Transcribe the entries below exactly, starting with the line that has "Royal, VA 22630" and stopping after the line that has "Medical Surgical Bedding Bag"; no pictures belong in the copy.

** Extracted records **
= Beginning of Section =

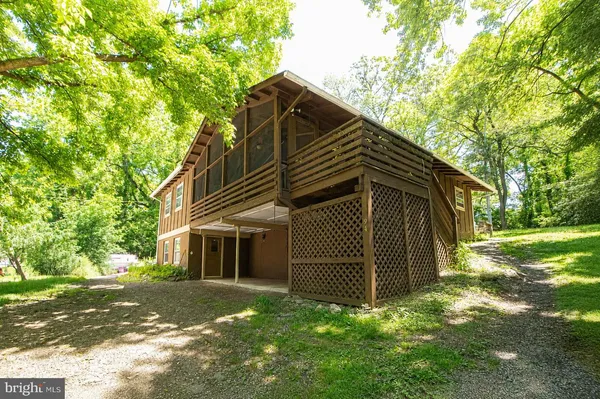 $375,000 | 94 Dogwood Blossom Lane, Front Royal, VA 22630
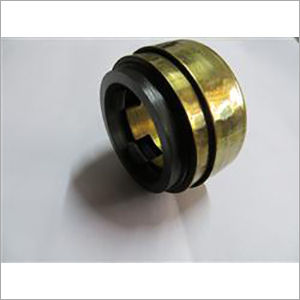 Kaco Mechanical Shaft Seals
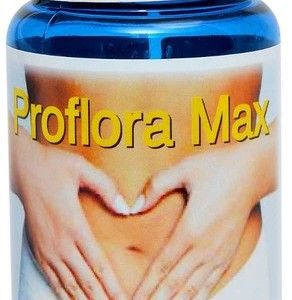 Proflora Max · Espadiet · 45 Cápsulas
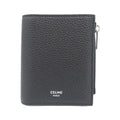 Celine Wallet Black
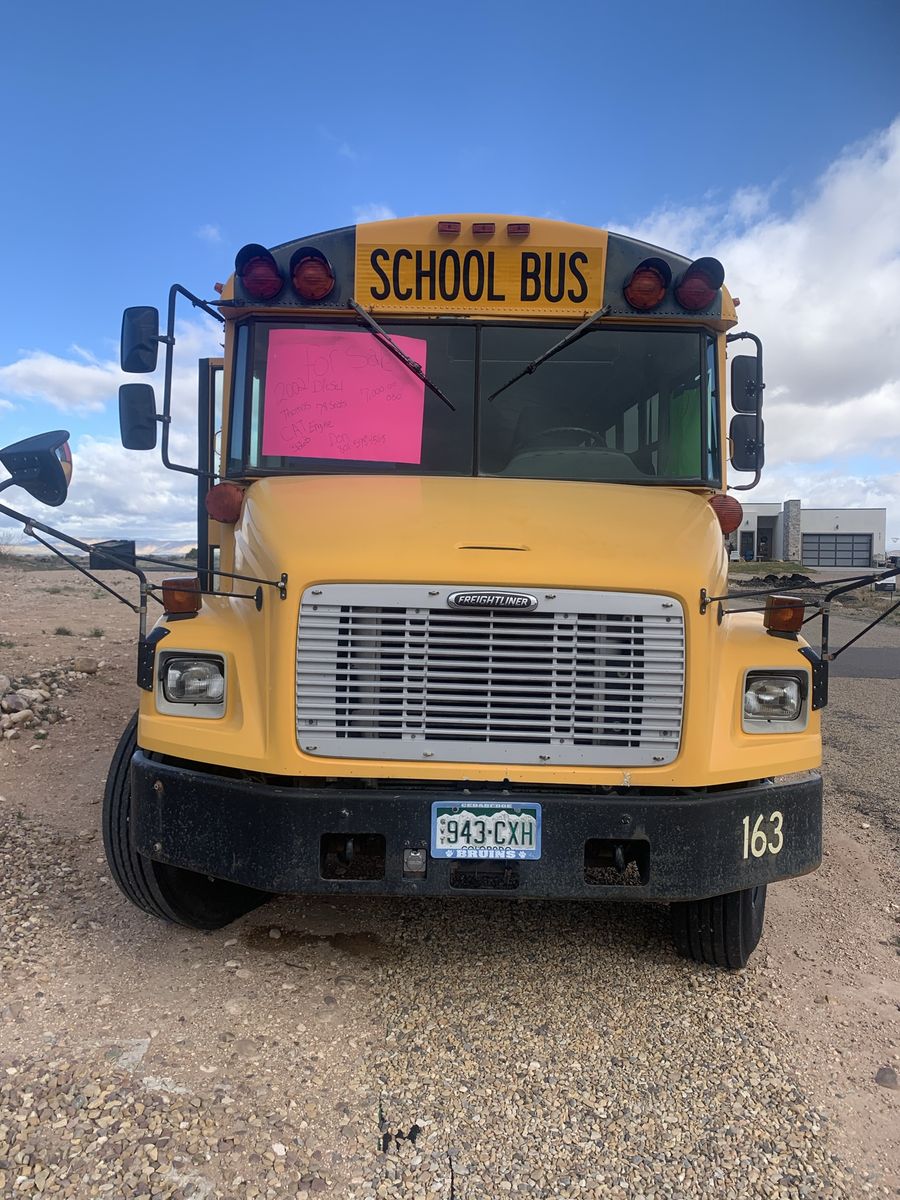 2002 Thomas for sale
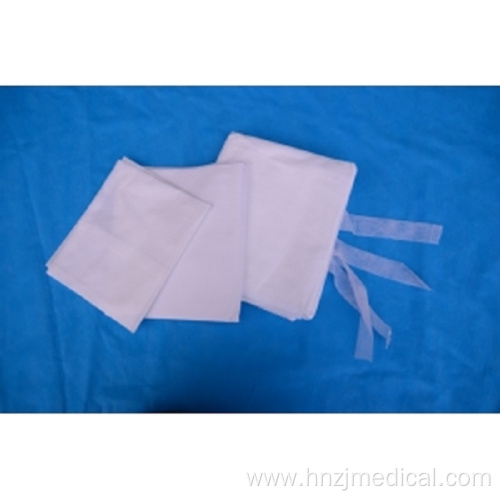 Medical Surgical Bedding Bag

= End of Section =
= Beginning of Section =

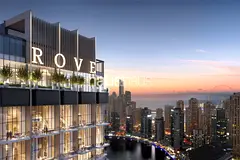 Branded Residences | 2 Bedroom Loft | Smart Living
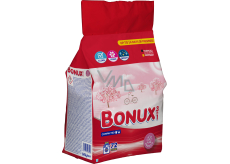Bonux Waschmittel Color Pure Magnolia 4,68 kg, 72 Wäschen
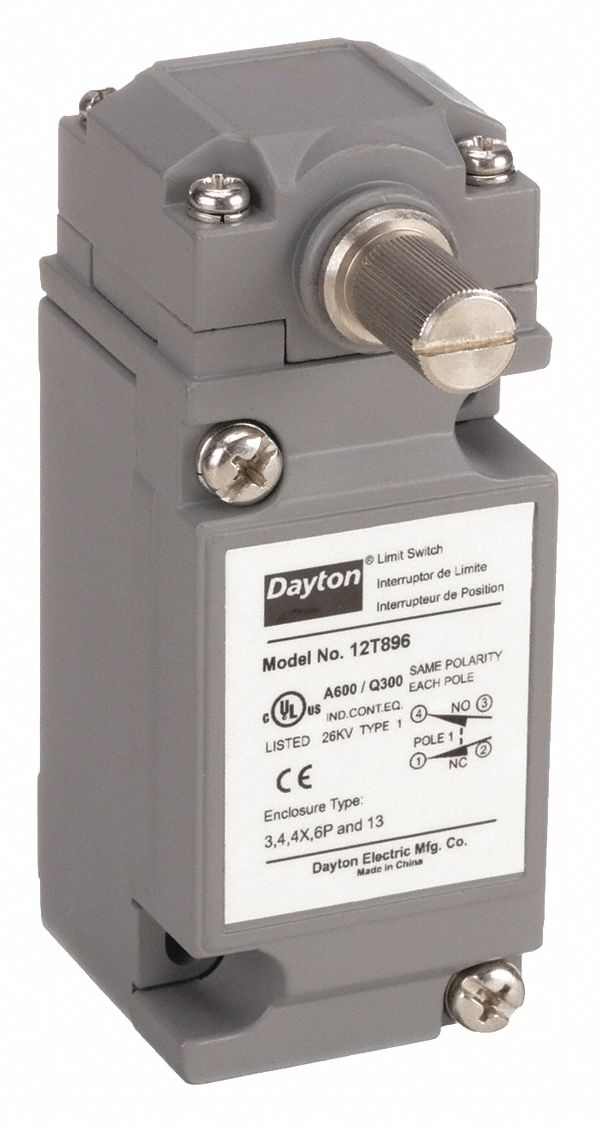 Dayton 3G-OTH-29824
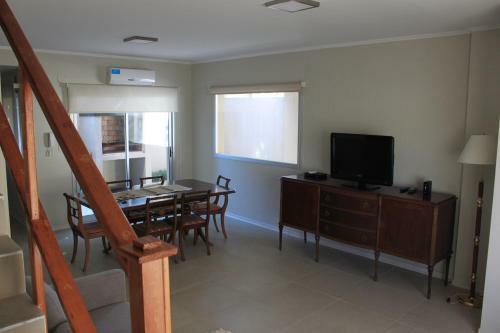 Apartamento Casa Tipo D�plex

= End of Section =

** Response area **
 $375,000 | 94 Dogwood Blossom Lane, Front Royal, VA 22630
 Kaco Mechanical Shaft Seals
 Proflora Max · Espadiet · 45 Cápsulas
 Celine Wallet Black
 2002 Thomas for sale
 Medical Surgical Bedding Bag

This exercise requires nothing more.